| Your instructions |
Please set down the data again exactly, minus the pictures.

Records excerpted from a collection
---*---

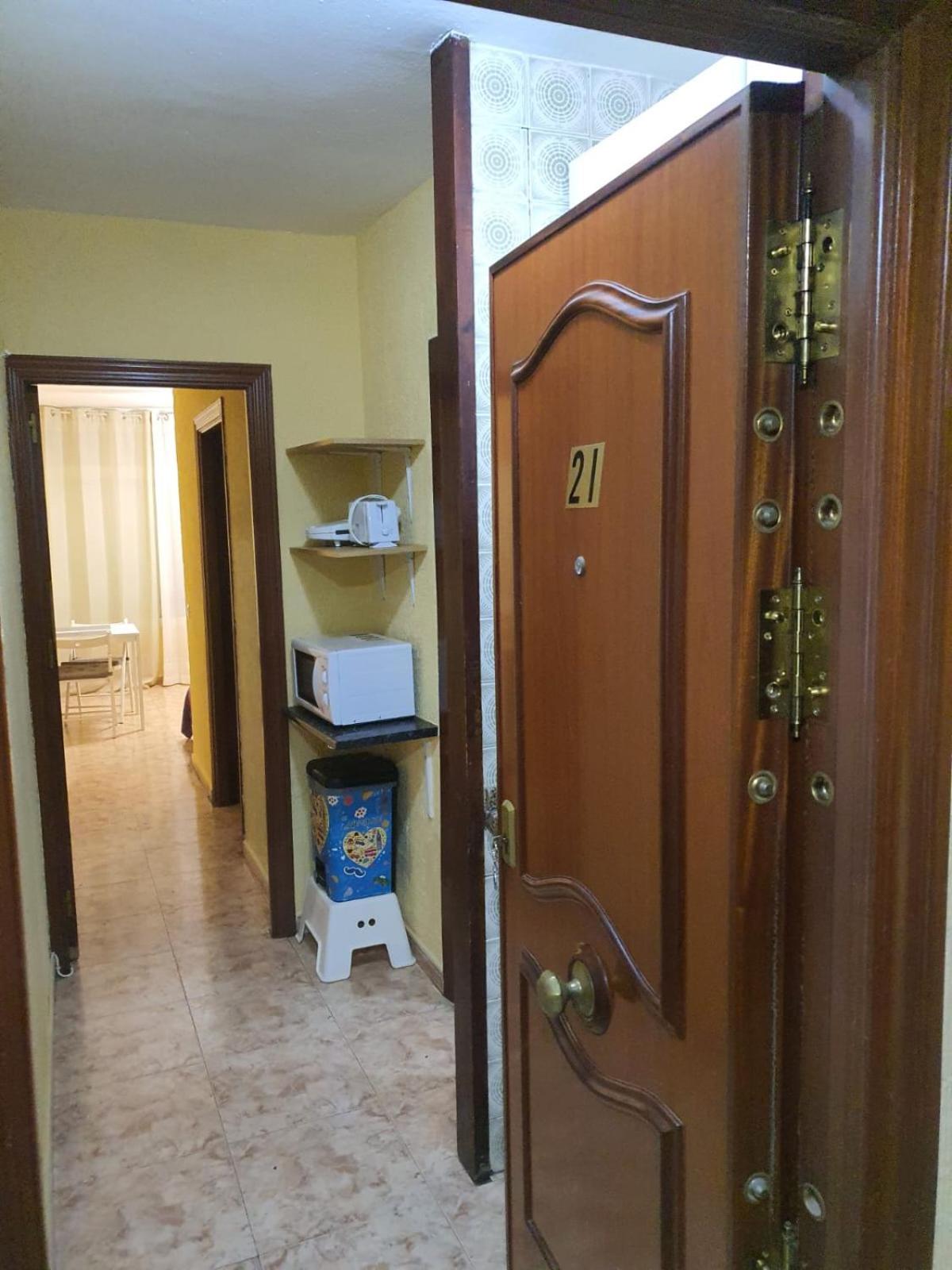 Fantastico Estudio En Torremolinos Malaga. 外观 照片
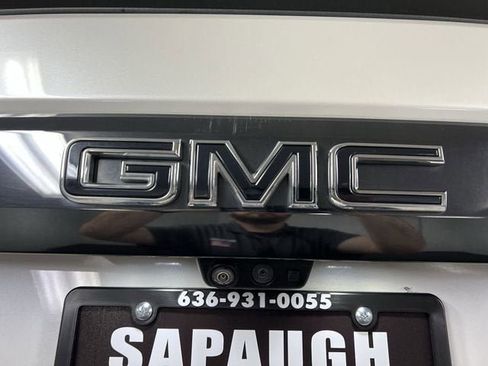 Certified 2023 GMC Yukon Denali Ultimate AWD/4WD image 32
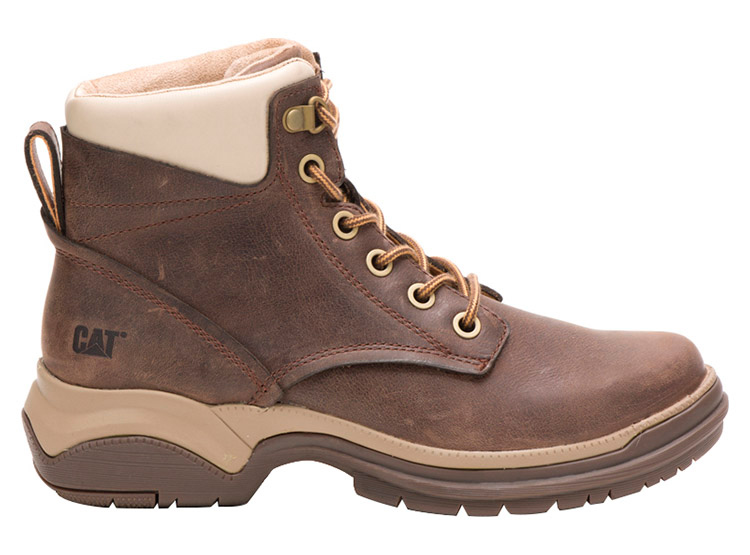 caterpillar botines p311147 para mujer - Calzado
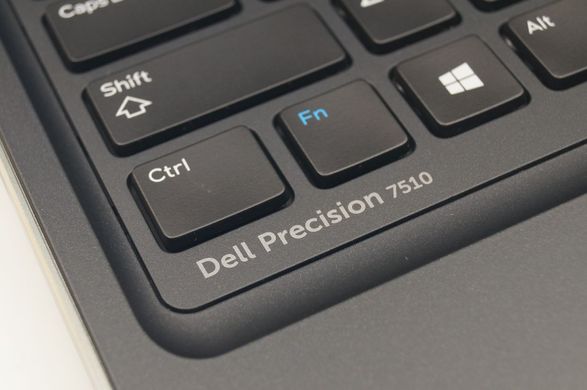 Ноутбук Dell Precision 7510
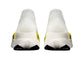 On Cloudboom Strike LightSpray "White / Lime"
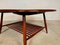 Large English Oval Coffee Table by Lucian Randolph Ercolani for Ercol, 1950s 7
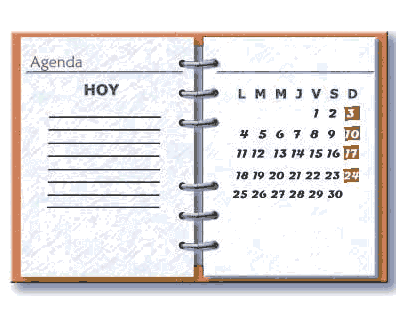 Agenda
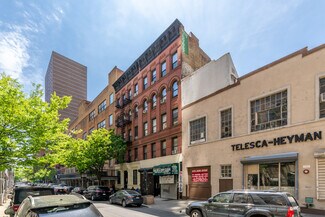 New York, NY Office - 310 E 94th St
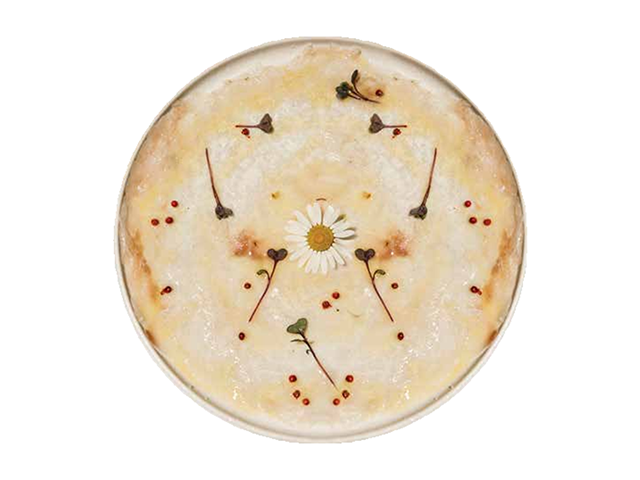 carpaccio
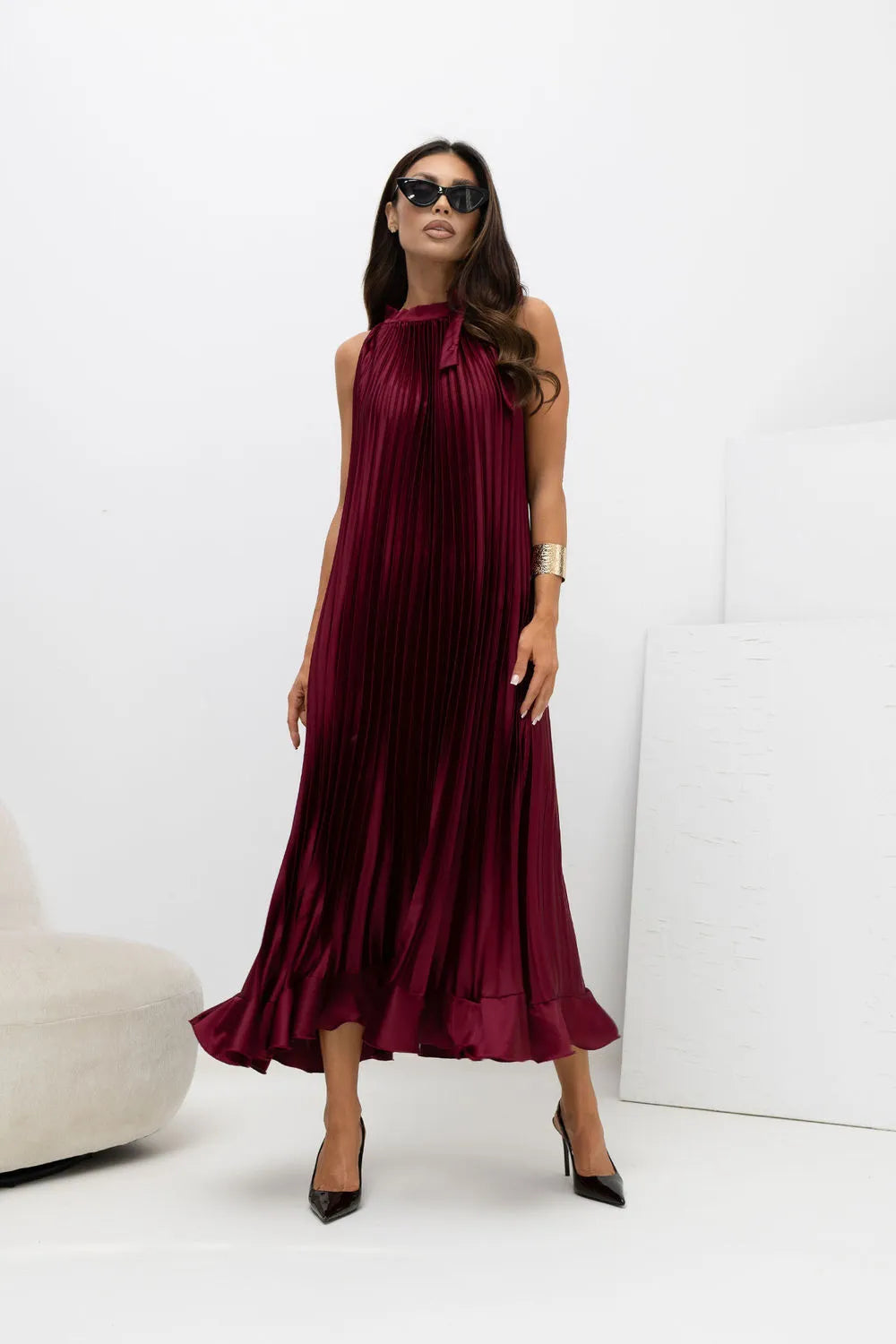 Kokteilinė suknelė, modelis 227680 Rue Paris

---*---

| Exercise response |
 Fantastico Estudio En Torremolinos Malaga. 外观 照片
 Certified 2023 GMC Yukon Denali Ultimate AWD/4WD image 32
 caterpillar botines p311147 para mujer - Calzado
 Ноутбук Dell Precision 7510
 On Cloudboom Strike LightSpray "White / Lime"
 Large English Oval Coffee Table by Lucian Randolph Ercolani for Ercol, 1950s 7
 Agenda
 New York, NY Office - 310 E 94th St
 carpaccio
 Kokteilinė suknelė, modelis 227680 Rue Paris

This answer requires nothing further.